Chinese photographer Yushi Li’s work is bold in its use of male nudity to challenge traditional gender roles. But what’s perhaps most disorientating and striking about Yushi’s work is her choice of domestic settings for her images, which manage to create both a sense of comfort and strangeness to this exploration of sex and heterosexual relationships in modern day society.
Across several bodies of work Yushi explores hookup culture, and the male form. In My Tinder Boys, she invited app dates to pose naked, exposing her male dates in analogue images that remove the traces of their digital meeting. But most notably, by making these men vulnerable, a position often reserved for women, Yushi inverts the female gaze as here the male form is under the spotlight.

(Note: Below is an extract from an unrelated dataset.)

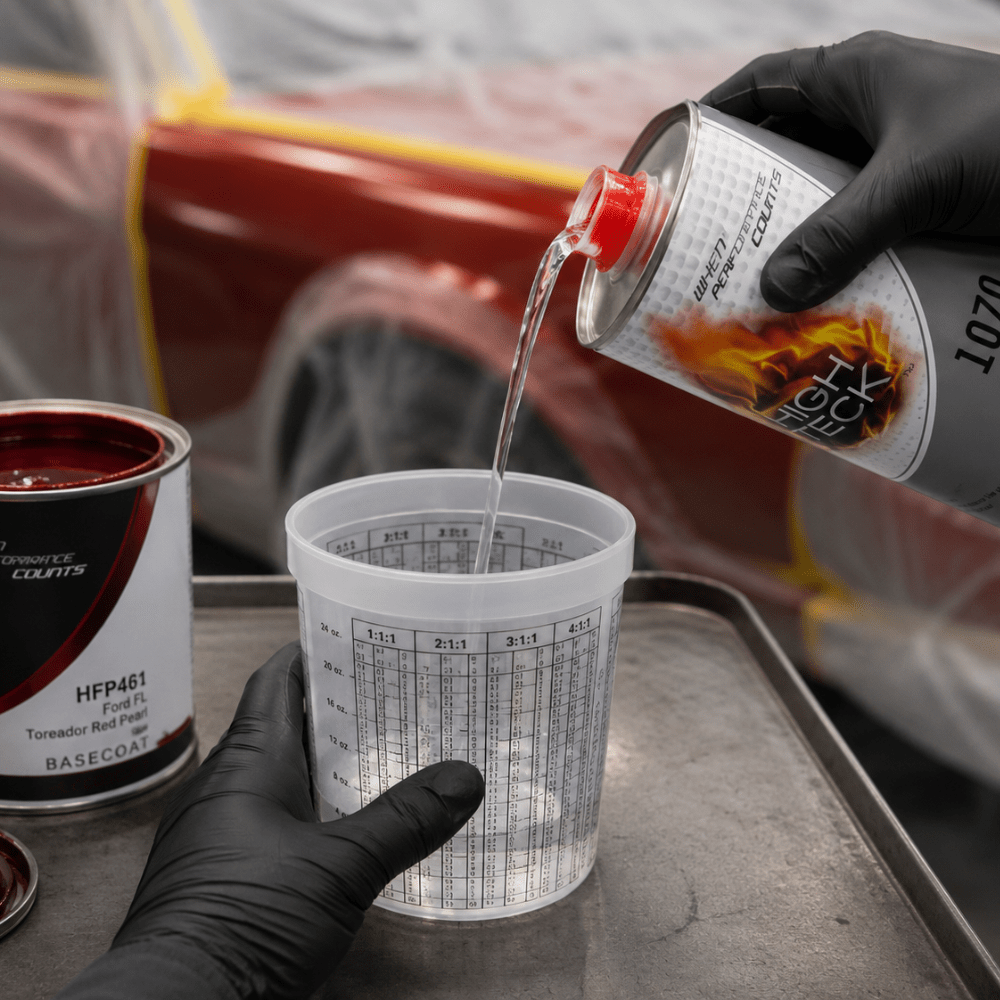 High Teck 1070 Low VOC Urethane Reducer for Single Stage Paints, Qt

In her following series, Your Reservation Is Confirmed, Yushi goes one step further including herself in the images, clothed next to her naked subjects in the setting of Airbnb properties. By including herself, Yushi forces the viewer to question the inequality of the roles and stereotypes imposed on men and women. We expect a woman to be exposed, but in her photographs Yushi is the one in control of not only how her body is seen but how the man is viewed, a fact underlined by the camera’s shutter release visible in her hand.
But Yushi doesn’t overtly sexualize these naked men. Instead her models engage in domestic tasks, such as cooking and watering the plants. The man firmly embodies the traditional female role, and in a previous interview in i-D Magazine Yushi told me she was inspired by “erotic images of women with food”. Her photographs reveal the double standards and conflicting expectations placed on a woman who must excel at both the domestic and erotic. But Yushi’s men, who are quietly going about these tasks, unclothed, are forlorn and pensive, and far from the sexualized, staged depictions of women that we are used to seeing.

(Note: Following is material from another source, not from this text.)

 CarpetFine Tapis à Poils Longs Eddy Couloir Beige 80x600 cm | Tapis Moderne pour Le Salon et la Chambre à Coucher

However, Yushi does sometimes evoke sex and desire more directly in her work. Her photograph The Dream of the Fisherwoman has a title that plays on Japanese artist Hokusai’s erotic painting The Dream of the Fisherman’s Wife. In name alone Yushi elevates the woman, giving her a job and an identity beyond that of a wife, and that comparison extends to the image’s subject. Yushi captures a man lying in a bathtub with his genitals covered by an octopus, switching the gender roles of Hokusai’s painting. Yushi shows how a man can be the visual stimuli of desire, relegating to history how female desire for the octopus was a watched, erotic thing.

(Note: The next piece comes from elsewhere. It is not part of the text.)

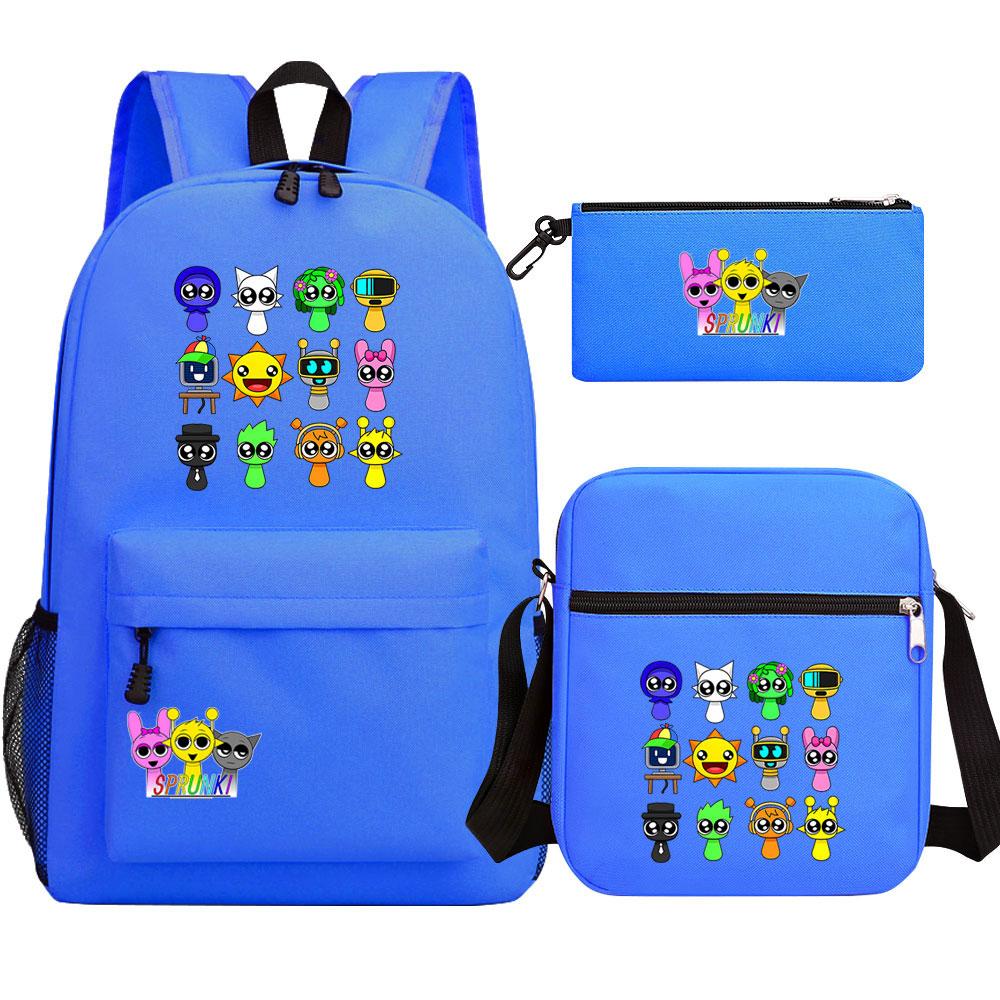 Mayoulove Sprunki Kids Backpack Lightweight Waterproof Design for School and Outdoor Activities-Mayoulove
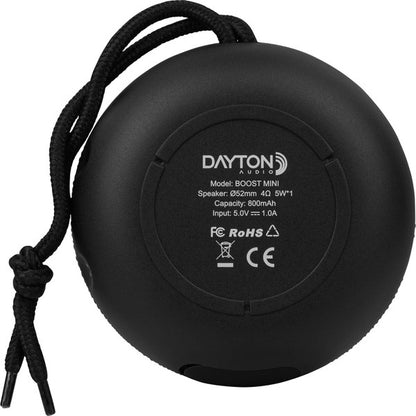 Dayton Audio Boost Mini Portable Bluetooth Speaker Black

Yushi’s film photographs feel striking yet intimate, staged but natural, yet most of all they challenge the world’s approach to gender. It could be said that her work ultimately shows that men and women aren’t so different when you put their bodies under scrutiny, but there is always the underlying context that men have always been allowed a voice and the power to tell their own stories. Now, Yushi as a female photographer has that chance to speak, and readdress the balance.